A lei trouxe uma novidade ao CPP ao modificar o parágrafo segundo do artigo 408. Se fosse primário e tivesse bons antecedentes (caso de Fleury), o réu poderia aguardar o julgamento em liberdade, ainda que já houvesse condenação em primeira instância e estivesse pendente a apreciação de recursos ordinários no tribunal. De qualquer forma, Fleury, nesse processo, acabou absolvido por unanimidade pelo 2° Tribunal do Júri de São Paulo no ano seguinte. 

Importante salientar que vários outros condenados foram beneficiados pela decisão, e não apenas o delegado.

A prisão como exceção 

Em 2008 e 2011, o Congresso Nacional revogou as possibilidades de prisão automática antes previstas no Código de Processo Penal, inclusive a do artigo 408. Os parágrafos desse dispositivo trazidos pela “Lei Fleury” também foram revogados.
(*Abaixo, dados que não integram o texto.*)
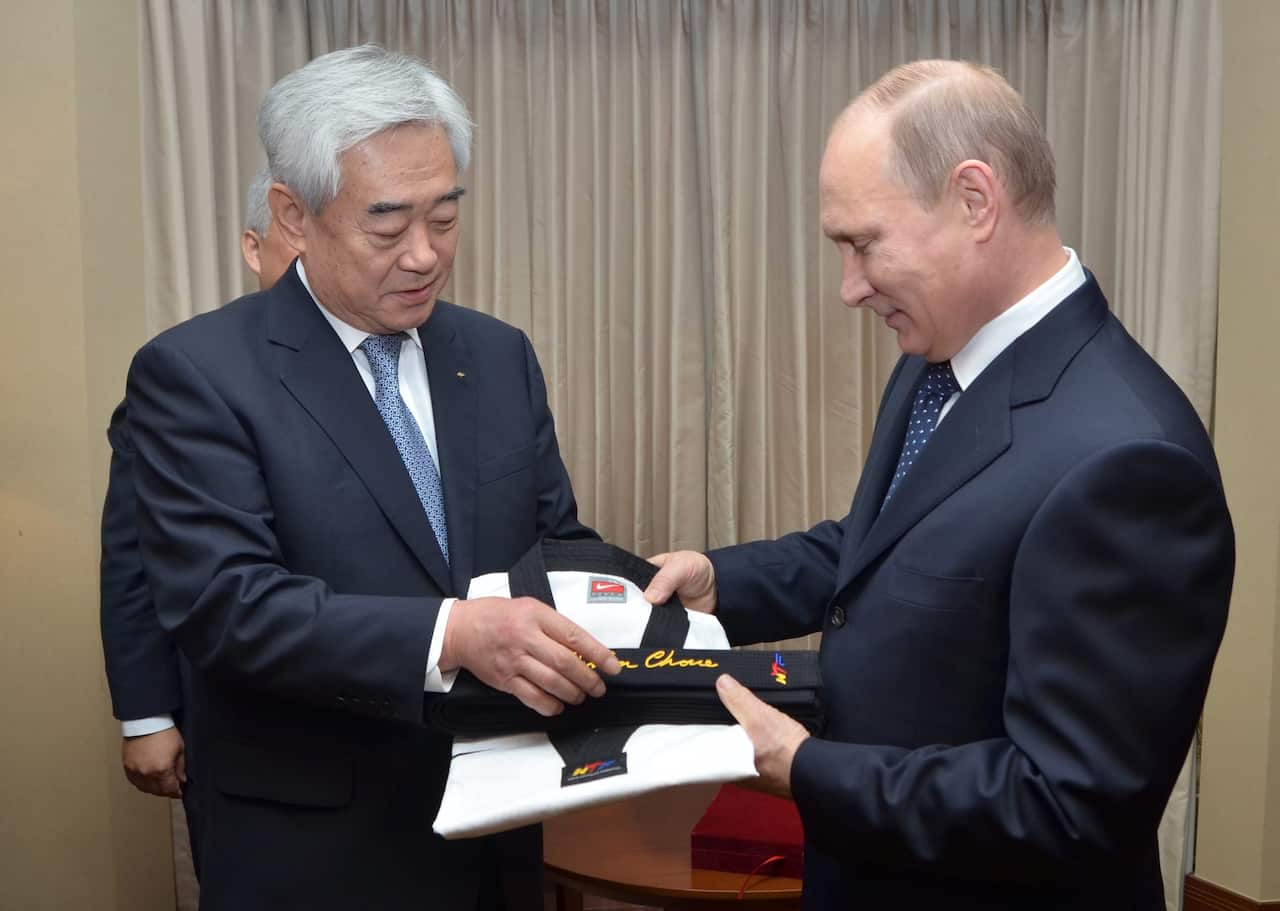 Russian President Vladimir Putin received a black belt and a uniform from Choue Chung-won, president of the World Taekwondo Federation on 13 November 2013.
Isso porque, em 2011, o artigo 283 do CPP foi modificado para concretizar uma interpretação do Supremo Tribunal Federal (STF) acerca da previsão trazida pela Constituição de 1988 de que “ninguém será considerado culpado até o trânsito em julgado de sentença penal condenatória”.

Art. 283. Ninguém poderá ser preso senão em flagrante delito ou por ordem escrita e fundamentada da autoridade judiciária competente, em decorrência de sentença condenatória transitada em julgado ou, no curso da investigação ou do processo, em virtude de prisão temporária ou prisão preventiva. (Redação dada pela Lei nº 12.403, de 2011). 

Professor de Direito Penal da FGV-Rio, Thiago Bottino afirma que a essência desse artigo é de que “a regra é a liberdade, a prisão é a exceção”, uma vez que sempre deve ser demonstrada, em cada caso, a necessidade concreta de encarceramento. 

“O que o Congresso fez em 2011 foi, basicamente, reconhecer que se antes quem precisava argumentar de forma contrária à prisão era o réu, hoje se presume que a prisão não é necessária e quem deve argumentar de forma contrária é o Ministério Público”, opina. 

Em 2016, ao mudar o entendimento de que a execução da pena de prisão deveria esperar o julgamento de todos os recursos, ainda que de natureza constitucional (endereçados ao STJ e ao STF), os ministros do Supremo travaram um embate quanto ao artigo 283. Prevaleceu o entendimento de que, caso haja condenação confirmada em segundo grau, o início da execução criminal é coerente com a Constituição Federal.

Ainda que a discussão deva se estender por um bom tempo na corte, especialmente por causa do “fator Lula”, o que não se pode negar é que, para o bem ou para o mal, a possibilidade de se recorrer em liberdade foi inaugurada num regime de exceção, por mais contraditório que isso possa parecer.